Best way to improve UDP transfer speeds with Python?

I have written a Python program for sending and receiving large files over UDP. Right now, I can hit speeds of about .01GB/s when transferring between two computers on a 10 Gigabit Ethernet cable. I'm looking to improve that speed significantly, but I'm unsure what the best approach is.

For what it's worth, I MUST USE UDP for the transfer. The program I wrote is merely a test for a larger project, and the device sending the data for that project can't utilize a TCP stream. Additionally, I'm primarily focused on the best way to receive datagrams quickly, or at least the best way of ensuring that the receiving end isn't where any bottlenecks occur.

Right now, my program works by chunking up a large file into several pieces that will become the datagrams to be sent. These datagrams are sent, and then the receiver does some stuff to ensure that it got the proper data and orders it accordingly.

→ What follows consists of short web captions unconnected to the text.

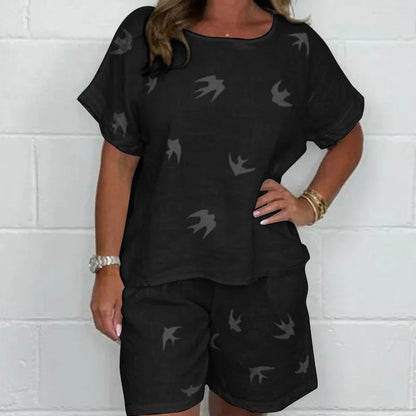 ✨Lässiges bedrucktes Kurzarm-Shorts-Set aus Baumwolle und Leinen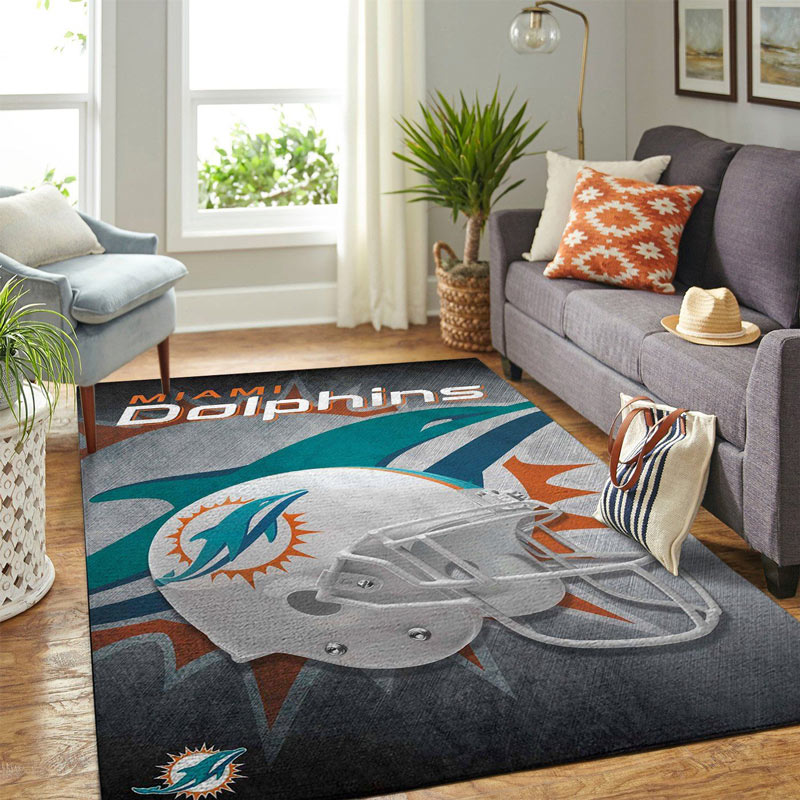 Miami Dolphins Area Rug NFL Area Rug Living Room Rug Outdoor Rugs Rectangle Carpet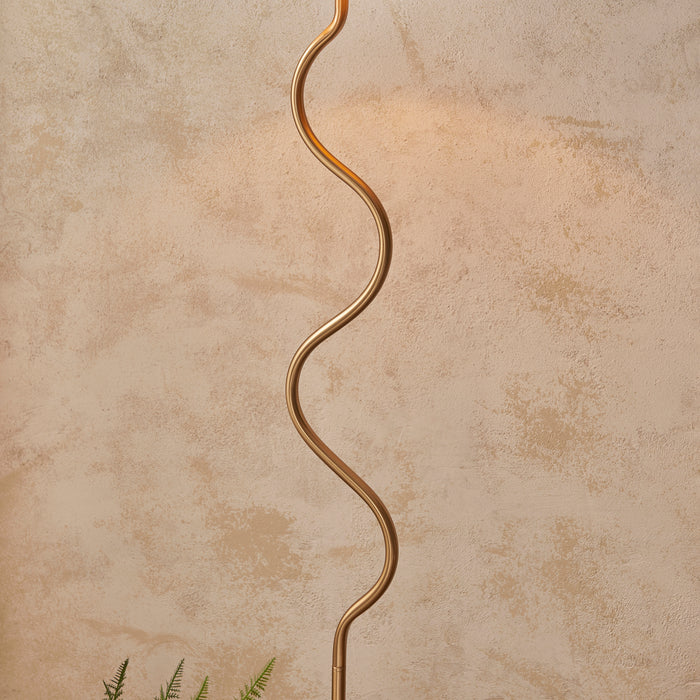 Endon 114224 Wriggle Floor Brushed aged brass plate & natural raffia 10W LED E27 (Required) - westbasedirect.com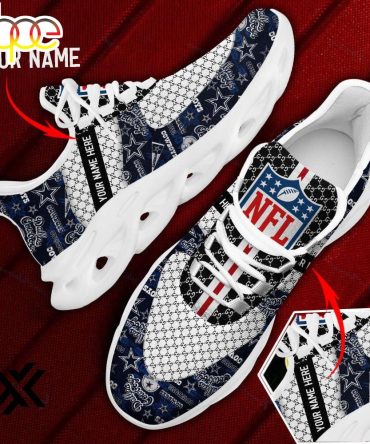 Custom Name Dallas Cowboys Logo Pattern Max Soul Shoes For Fans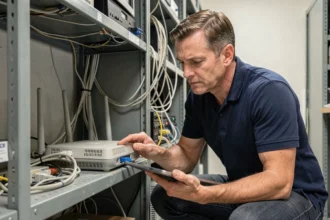 Technicien informatique examinant un ancien routeur Wi-Fi dans une salle réseau, illustrant le Wi-Fi legacy et les infrastructures sans fil obsolètes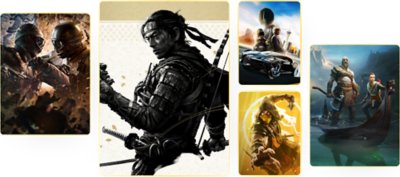 PlayStation Plus games page key art showing a variety of games available on the service, including God of War and Ghost of Tsushima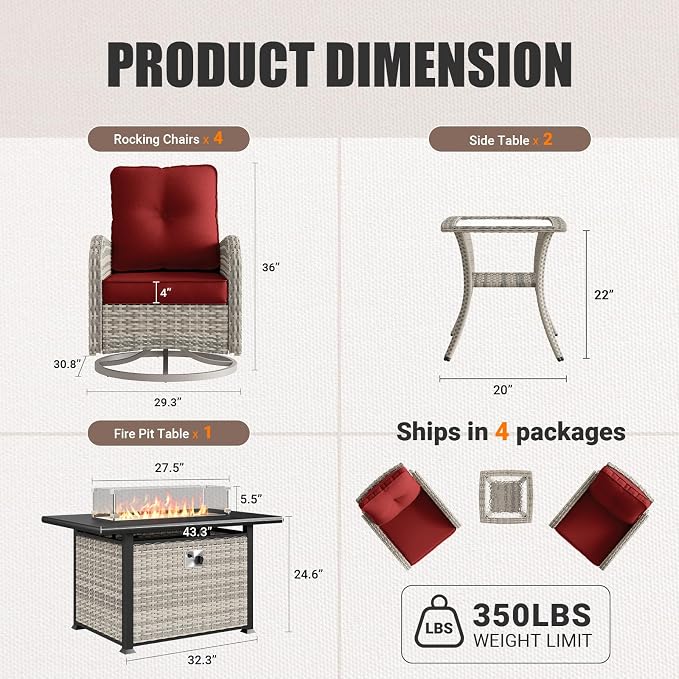 7Pcs Patio Rocking Swivel Chair with 55,000 BTU Fire Pit Table Outdoor Wicker Rattan Bistro Set with Tempered Glass Side Table, Outdoor Patio Furniture Set for Garden and Balcony, Red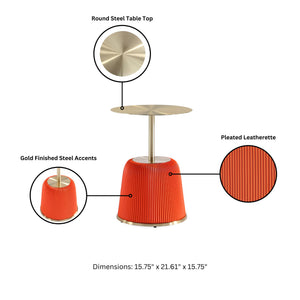 English Elm Anderson Upholstered End Table With Gold Finish Metal Top - Chic Orange Accent For Modern Spaces B365P398483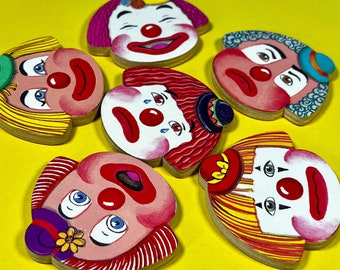 Clown Puzzle - Erstelle einen Clown - Mix And Match - Tastspielzeug - Bunt - Holzstücke - Fantasievoll - Lernen - Holzbox und Tablett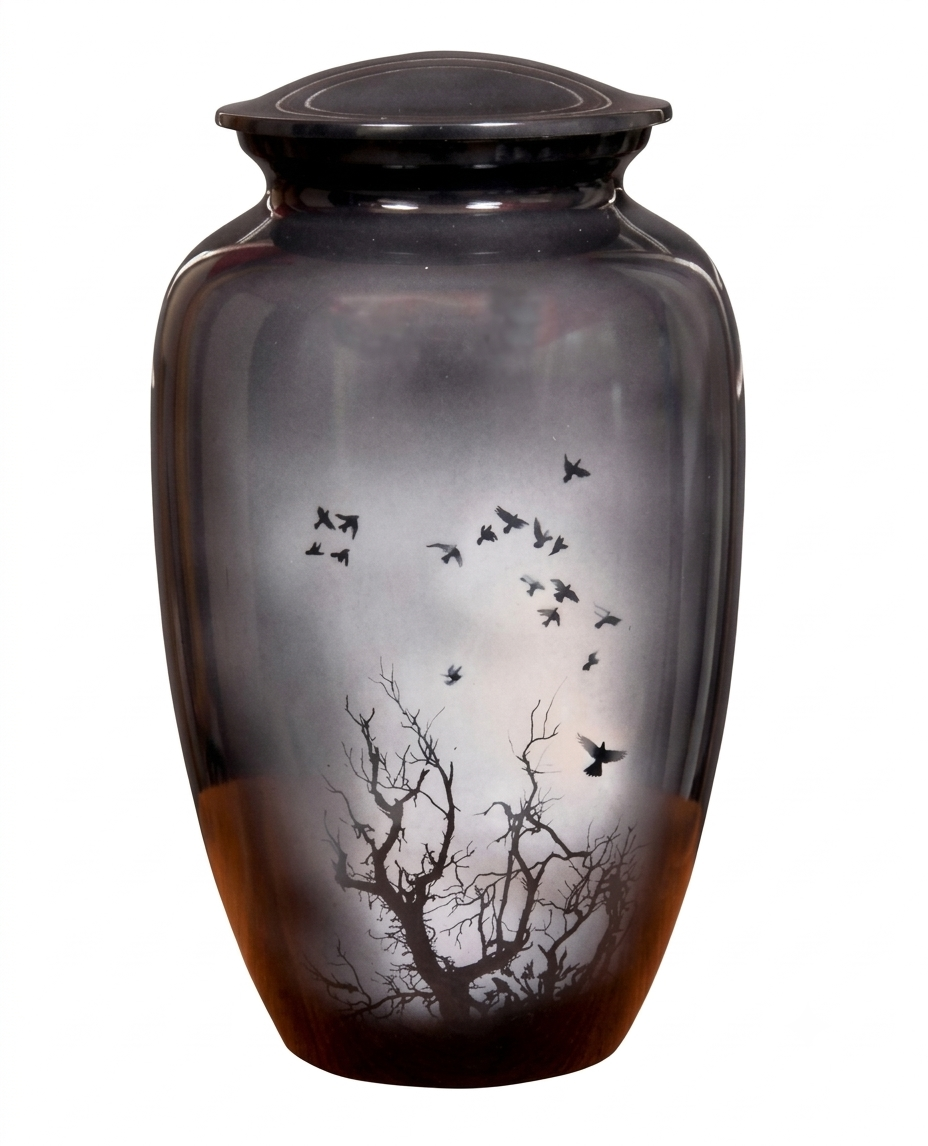 Birds in Flight Cremation Urn with Tree Silhouette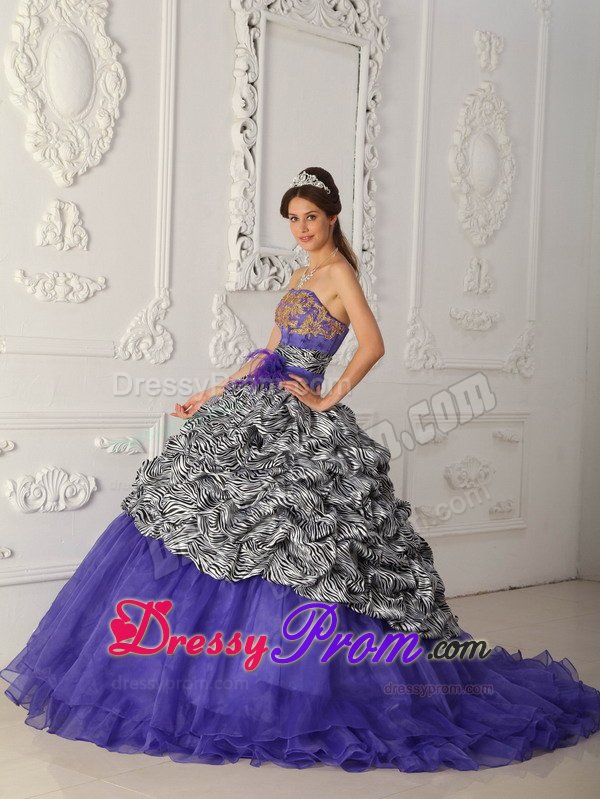 Appliqued Lavender Organza Quinceanera Dresses with Zebra Print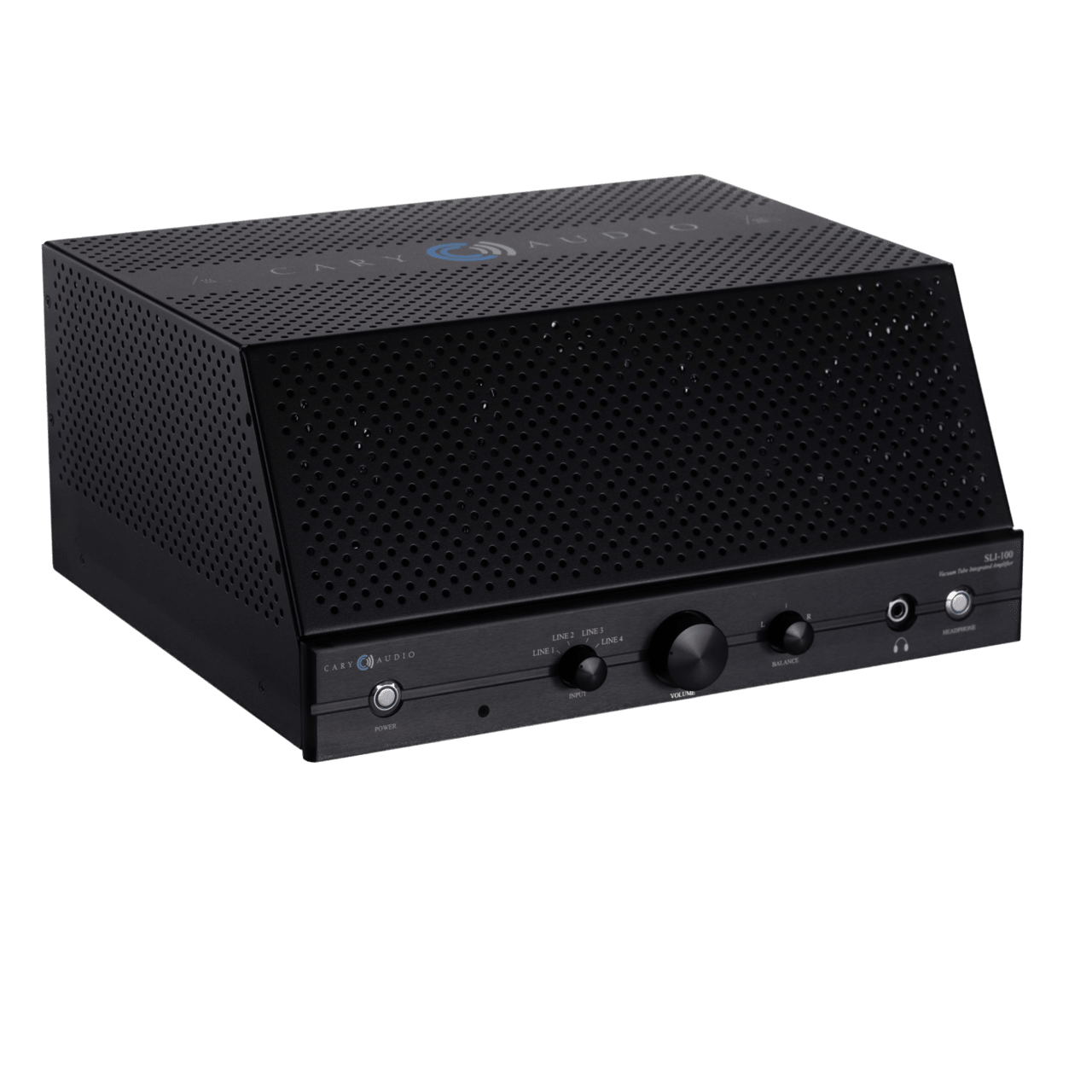 Cary Audio SLI-100 Integrated Amplifier in black, angled with cage
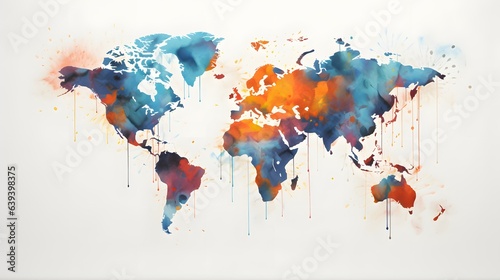 world map on a white background painted in watercolor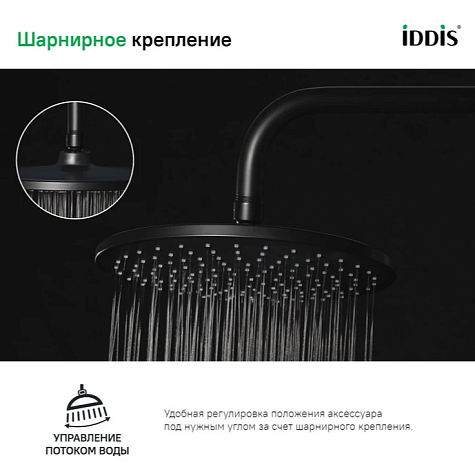 Душевая насадка верхняя круглая Iddis Optima OPH22BRi64, черная купить в СОМ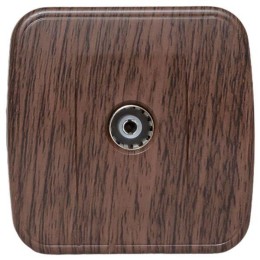 Розетка телевизионная TV 1-м ОП Минск 5-862МГц 75Ом темн. дерево EKF EGA00-027-40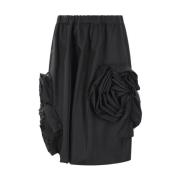 Zwarte Midi Rok met Oversized Rozen Comme des Garçons , Black , Dames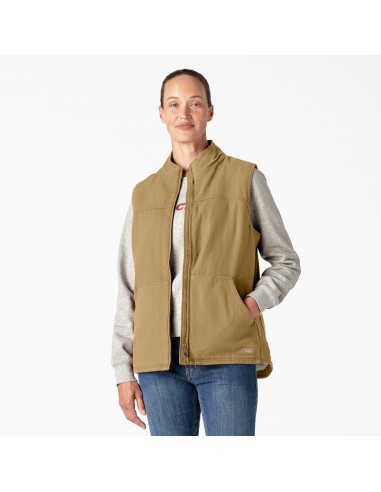 Women's Fleece Lined Duck Canvas Vest - Rinsed Nubuck vente chaude votre 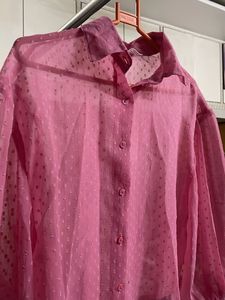 Sheer Pink Blouse with Heart Details
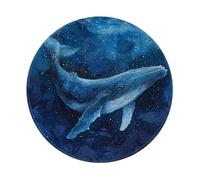 Mexpekil Tappetino per mouse con balena che nuota in acque profonde, con base in gomma antiscivolo, tappetino per mouse da gioco, piccolo tappetino rotondo con bordo cucito, accessori da scrivania per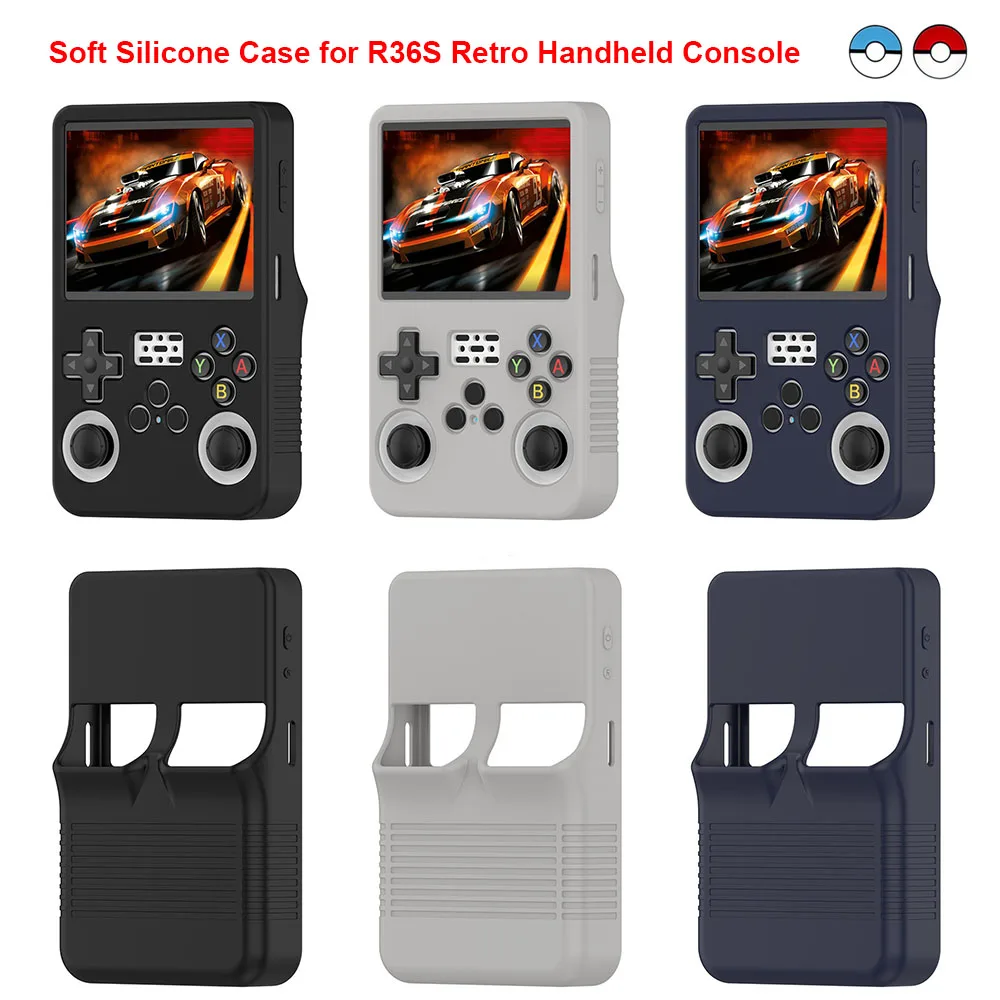 Weiche Silikonkautschuk-Hautabdeckung für die R36S Retro-Handheld-Spielekonsole, Rückseite Schutzhülle für R36S-Schutzzubehör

Sending Code (stripped down to basics)

buf = 32000  #Size of each chunk/packet
s = socket.socket(socket.AF_INET,socket.SOCK_DGRAM)
host ="127.0.0.1"
port = 5005
addr = (host,port)    

def read_in_chunks(infile, chunk_size=buf):
"""Chunk the file before we send it.
Arguments:
infile -- the file to chunk
chunk_size -- the size of the chunk in bytes (default 32KB)
"""
    while True:
        chunk = infile.read(chunk_size)
        if chunk:
            yield chunk
        else:
            # The chunk was empty, which means we're at the end of the file
            return

def run():
    for chunk in read_in_chunks(f):
        if(s.sendto(chunk,addr) and s.sendto(id,addr)):
            #Some acknowledgment stuff - removed for clarity (also noted to not impact performance)
            local_ID += 1

Receiving Code:

UDP_IP = "127.0.0.1"
UDP_PORT = 5005
buf = 32000  # Buffer size in bytes for each chunk
sock = socket.socket(socket.AF_INET,  # Internet
                 socket.SOCK_DGRAM)  # UDP
sock.bind((UDP_IP, UDP_PORT))

try:
    while(dataChunk):
        actualNumChunks += 1
        f.write(dataChunk)
        sock.settimeout(2)
        dataChunk, addr = sock.recvfrom(buf)
        packID, junkAddr = sock.recvfrom(buf)
        packIDString = str(packID)
except socket.timeout:
    f.close()
    sock.close()
    print "File received!"  # --KEEP
    print "A total of " + str(actualNumChunks) +" chunks were received"            --KEEP

I'm not sure if optimizing my code is the issue (yet to be tested), or if there is another (better?) way of getting increased speed for the file transfer. I apologize if the details here are sparse, but let me know if you need any more information.

Thanks!


Solution 1:

Some approaches to try:

  1. Varied packet sizes (depending on MTU, might cause the chunk to be fragmented to several packets, or might be too small to optimally use the pipe)
  2. Read the file to memory (the network speed might be 10gbps, but the disk is way slower, especially if it isn't an SSD - typically an order of magnitude or more slower), start sending after it has all been cached. You can try sending a the same block of data many times to check if this is the bottleneck.
  3. Compression might help. ZLIB is very very very fast, and would mean you could transfer a lot more data in way less time,

Other points:

  • Packet loss and ordering might make a proper transfer problematic, even in a simple 1-to-1 link. You'll need error-detection/retry functionality for this to work.
  • Kernel/User mode changes might slow you down (doubt it, and this is super micro-optimization)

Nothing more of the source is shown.